# Choosing the Ideal Job Type for an Applicant

### Using clustering analysis to find the right fit

In the previous project, an attempt was made to create a best-fit model to predict the future success of a worker brought on by a recruiter. In this project, we will see if we can predict the best type of work for a new recruit, to help guarantee success in the future.

### 1. Pull in and pre-process data

In [2]:
# Import libraries
import numpy as np
import pandas as pd

In [3]:
# Read in the worker data

xls_file = pd.ExcelFile("Origami_Data.xlsx", encoding = 'utf-8')
worker_data = xls_file.parse('Client Information')
print "worker data read successfully!"

worker data read successfully!


In [13]:
comments = worker_data["Comments from the employer"]

type(comments)

pd.Series(comments).str.cat(sep=' ')

u"Good worker. Willing to work extra hours. Seems to have working knowledge but hard to keep them at the office Like the process but definitely not a good fit with this candidate Was late to work  You need better screening before sending us people Late to work Once we found a good fit for them, they have been doing well Thank you for finding someone. Simply didn\u2019t work out. Works a lot, promotion is going to be given Employee retired Hard to balance their schedule with health needs Fantastic worker Happy so far with the placement Health issues on the job. Not a good fit. Manual labor was too tiring.  Error rate was unnaceptable Many unscheduled absences No reliable mode of transportation Your process made this very difficult Thank you  Thank you for finding a good fit such short notice Have enjoyed his work immensely Thank you for continued partnership Happy so far with the placement thx Not impressed with you or employee simply didn't work. She quit 2 weeks in We get a lot of peo

In [19]:
n_office = np.shape(worker_data[worker_data['OFFICE/MANUAL']=='OFFICE'])[0]
n_manual = np.shape(worker_data[worker_data['OFFICE/MANUAL']=='MANUAL'])[0]

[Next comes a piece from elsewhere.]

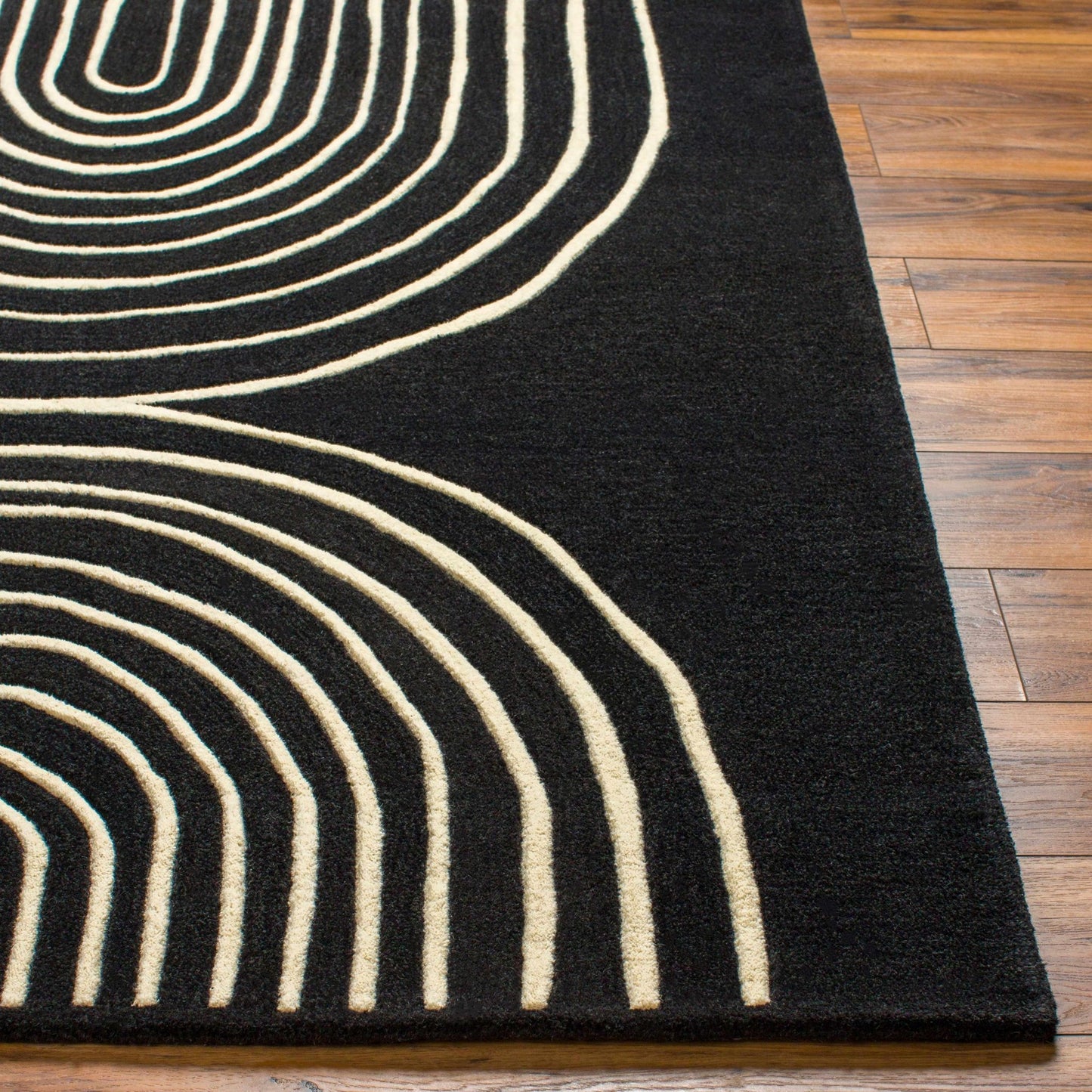 Fuat Black Wool Rug - Quahog Bay Bedding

print "Number of workers in the office field: {}".format(n_office)
print "Number of workers in the manual labor field: {}".format(n_manual)

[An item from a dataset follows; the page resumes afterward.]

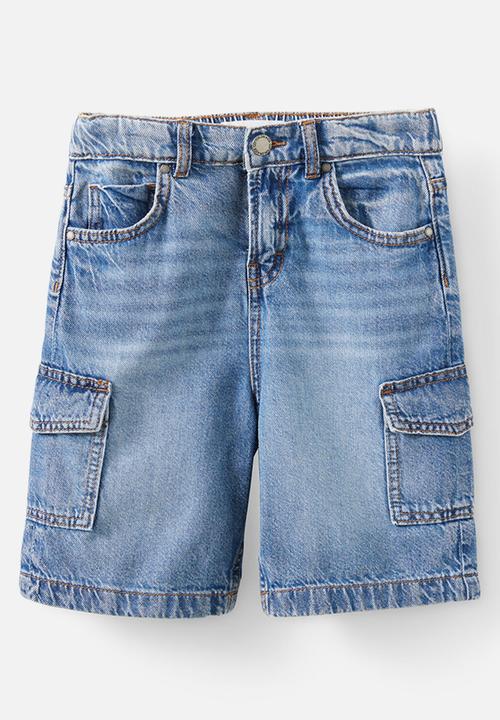Cotton On - Super baggy short - blue haven mid blue/cargo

Number of workers in the office field: 93
Number of workers in the manual labor field: 96


#### Clean up values
First make sure to clean up non-consistent data in columns state and gender

In [20]:
# Make all state data shorthand and include gender only with M or F
worker_data['State'] = map(lambda x: x.lower(), worker_data['State'])
worker_data = worker_data.replace({'alabama':'al','florida':'fl','georgia':'ga','south carolina':'sc','louisiana':'la'}, regex=True)
states = ['al','fl','ga','la','sc']
worker_data = worker_data.loc[worker_data['State'].isin(states)]
gender = ['M','F']
worker_data = worker_data.loc[worker_data['Gender'].isin(gender)]

# Remove NaN
worker_data2 = worker_data.dropna(axis = 0, how = 'any', subset = ['Employed In Past 6 Months','Gender','Age','State','Education Level'])


In [21]:
# Extract feature (X) and target (y) columns, and removing ID and Comments columns
feature_cols = ['Employed In Past 6 Months','Age','OFFICE/MANUAL','State','Education Level','Gender']
target_col = ['Placement Successful']


x_all = worker_data2[feature_cols]
y_all = worker_data2[target_col]

#### Preprocess feature columns

It turns out there are a few non-numeric columns that need to be converted! One of them is simply `yes`/`no`, e.g. `'Employed In Past 6 Months'`. This can be reasonably converted into `1`/`0` (binary) values.

Other columns, like `State` and `Education Level`, have more than two values, and are known as _categorical variables_. The recommended way to handle such a column is to create as many columns as possible values (e.g. `AL`, `GA`, `FL`, etc.), and assign a `1` to one of them and `0` to all others.

These generated columns are called _dummy variables_, and so we will use the [`pandas.get_dummies()`](http://pandas.pydata.org/pandas-docs/stable/generated/pandas.get_dummies.html?highlight=get_dummies#pandas.get_dummies) function to create these columns.